Rails does some basic tracking in the schema_migrations table, which it uses to enable rollbacks via its CLI.


in theory rollback works -- the tool will try to generate a migration between any two git refs

in practice the rollback use case isn't tested super well and, for data integrity reasons, it doesn't drop tables -- you'll run into trouble if you try to rollback across an added table


Minor nit, but GitHub's gh-ost tool is for performing schema changes, not data migrations. You may be thinking of Shopify's Ghostferry?

Anyway though, your broader point is absolutely correct, re: data migrations typically involve complex custom/company-specific tooling at scale. And it's also difficult to map data migrations to a declarative tool in a way that feels intuitive.


I wonder how automig compares to loading the schema definitions from git into scratch databases and feeding them to migra https://djrobstep.com/docs/migra


Sorry if that comes off as looking down on people, it is not meant that way, but I'm honestly a bit baffled how I meet many people to this day that still discover schema migration tools as something new/special instead of just learning it as one of the basic tools of a developer.

I haven't written schema migrations by hand on a regular basis in like 12+ years, the very start of my career, so they were probably not even new back then. Am I just living in a bubble where those tools, while certainly not perfect, are heavily relied upon, whereas others prefer to do it (semi-)manually to have full control? How is the state of these tools in different stacks / environments?
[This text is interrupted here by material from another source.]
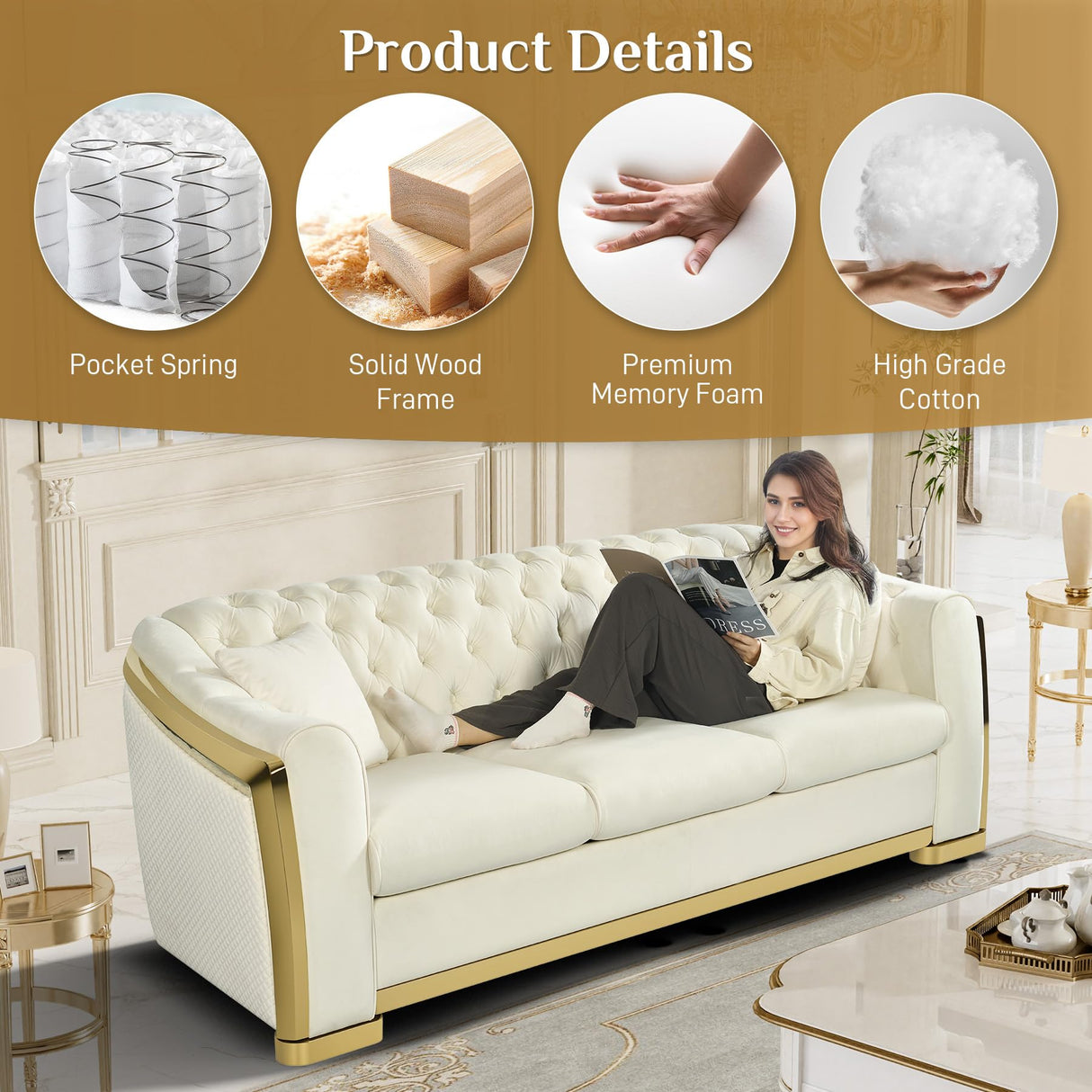 Nolohoo Luxury Velvet Chesterfield Sofa for Living Room, Comfy Mid Century Modern Victorian Couch Curved 3 Seater Deep Seat Couches Tufted Sofas with Gold Legs for Apartment, Cream White Nolohoo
Perhaps it's just that in some cases, the tool is overkill? In one case, I wrote a super simple shell script to track applied migrations to a database that had until then been managed entirely manually; I didn't feel like it was worth the trouble to try and learn something more complicated just for that use case, since it took me about 15 minutes to write a script that worked well enough: it applied the migration scripts transactionally (transactional DDL rules), in order and did so idempotently.
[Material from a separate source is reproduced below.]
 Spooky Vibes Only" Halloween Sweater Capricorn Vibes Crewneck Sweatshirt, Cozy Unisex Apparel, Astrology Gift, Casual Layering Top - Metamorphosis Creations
Granted, I'm not a software developer by trade; just a sysadmin who occasionally uses programming to solve problems. I imagine if I had to deal with actual software development I'd end up learning one of those tools eventually.


I started working with Django professionally in 2013. At that time, migrations weren’t built in to Django, but there was a widely used plugin (South), which was subsequently integrated into Django core. I can’t really imagine managing a professional web app without a migration tool. Sound like a complete nightmare.


>> I haven’t written a migration in 1+ years

This.

Above should be the goal of every database backed application framework. A really well balanced post (author is super modest).

>> Dialect support is no picnic.

Are you doing SQL statement parsing here for diff of pg ? This can lead to lot of work if you want to add other databases.

@awinter-py : have a look at our approach to schema migrations - we hand a GUI DB application to devs and it generates schema migrations as you change database. The goal is still the same - backend devs should never write schema migrations.


I really want schema definition to be declarative; then ask me for a data migration if applying (to a given db) is going to result in data loss (e.g. declaration doesn't include a column that currently exists in db), optional otherwise.

Even when state-aware migrations are needed they could be better, e.g. 'on creating this column, value = other column * 2' rather than in an ordered sequence.


Do people often find they're doing schema migrations without having the need to run data migrations as well?

I find writing the alter table commands fairly trivial compared to the data migration that comes along with it.


We need a file system API for databases, much like /proc.


There is, it's called INFORMATION_SCHEMA and defined by the SQL standard.

https://www.postgresql.org/docs/current/information-schema.h...

Postgres also has its own schema that is basically manipulated directly by the C runtime:

https://www.postgresql.org/docs/current/catalogs.html


So I can cat the file system API directly from Linux?